Anis Amri und die Rolle des Verfassungsschutzes
8. Oktober 2020Anis Amri - der Name des Attentäters vom Berliner Weihnachtsmarkt auf dem Breitscheidplatz am 19. Dezember 2016 wurde zum Synonym für den schlimmsten islamistischen Anschlag in Deutschland. Elf Menschen starben, als der Tunesier mit einem gestohlenen Lastwagen in die Menge raste. Zuvor hatte er den Fahrer des Sattelschleppers ermordet. Die Tat war zugleich die schwerste Niederlage der Sicherheitsbehörden in ihrem Kampf gegen religiös motivierten Terror. Warum sie trotz vieler Hinweise auf die Gefährlichkeit des kriminellen Asylbewerbers nicht verhindert werden konnte, das versucht ein Untersuchungsausschuss des Bundestages seit März 2018 herauszubekommen.
In der inzwischen 103. Sitzung des Gremiums war am Donnerstag ein Zeuge geladen, der zum Zeitpunkt des Anschlags Präsident des Bundesamtes für Verfassungsschutz (BfV) war: Hans-Georg Maaßen. Der 57-jährige Jurist war 2018 von Bundesinnenminister Horst Seehofer in den einstweiligen Ruhestand versetzt worden. Allerdings nicht wegen Kritik an seiner Amtsführung im Fall Amri, sondern wegen umstrittener Äußerungen nach rechtsextremen Exzessen in Chemnitz (Bundesland Sachsen).
Aber auch im Zusammenhang mit dem Terroranschlag von Berlin sieht sich Maaßen seit langem heftiger Kritik ausgesetzt. Vor allem wegen seiner Behauptung, der mehrere Monate überwachte spätere Attentäter sei ein "reiner Polizeifall" gewesen. Dem widersprechen die Abgeordneten aller Fraktionen im Untersuchungsausschuss. Allein schon deshalb, weil Amri im Jahr des Anschlags elfmal Thema im Gemeinsamen Terrorismus-Abwehrzentrum (GTAZ) von Bund und Ländern war. Dort analysieren alle Sicherheitsbehörden gemeinsam regelmäßig die Gefährdungslage in Deutschland.
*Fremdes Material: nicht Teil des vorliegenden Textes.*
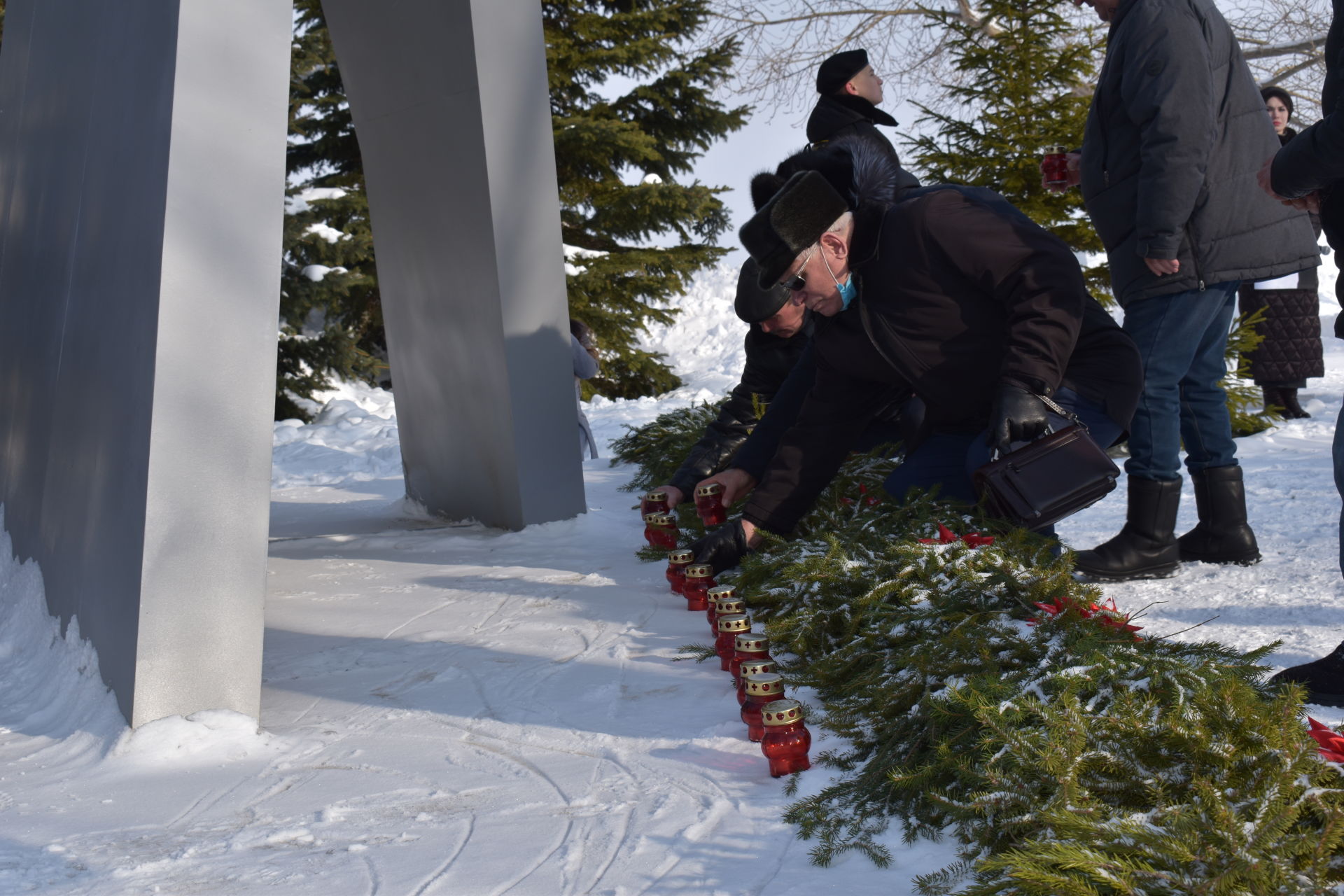 В Камских Полянах состоялось открытие памятника войнам - интернационалистам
Vor Berlin gab es die Anschläge in Paris, Brüssel und Nizza
Dass islamistische Terroristen auch die Bundesrepublik 2016 im Visier hatten, stand für die Sicherheitsbehörden außer Zweifel. Maaßen verwies auf die Anschläge in Paris 2015 sowie Brüssel und Nizza ein Jahr später mit insgesamt mehreren hundert Toten. In seinem ausführlichen Statement zu Beginn der Befragung erinnerte der ehemalige Verfassungsschutz-Chef zudem an die hohe Zahl der Gefährder. So werden Personen bezeichnet, denen ein Attentat zugetraut wird. Ihre Zahl habe sich zwischen dem Beginn seiner Amtszeit 2012 und dem Jahr des Anschlags 2016 von 123 auf 584 erhöht. Das war weit mehr als eine Vervierfachung.
Observationen rund um die Uhr seien aber aufgrund des hohen Personal- und Zeitaufwands nur in Einzelfällen möglich, betonte Maaßen. Man habe sich bemüht, Informationen "anzureichern", damit Polizei und Staatsanwaltschaft ermitteln könnten. Als Beispiel erfolgreicher Arbeit nannte er unter anderem die aufgedeckten Pläne für einen Anschlag auf den Berliner Flughafen Tegel im September 2016. Der syrische Asylbewerber Dschaber al-Bakr war mutmaßlich Mitglied der Terror-Miliz "Islamischer Staat" (IS). Kurz nach seiner Festnahme im Oktober 2016 nahm er sich in der Untersuchungshaft das Leben.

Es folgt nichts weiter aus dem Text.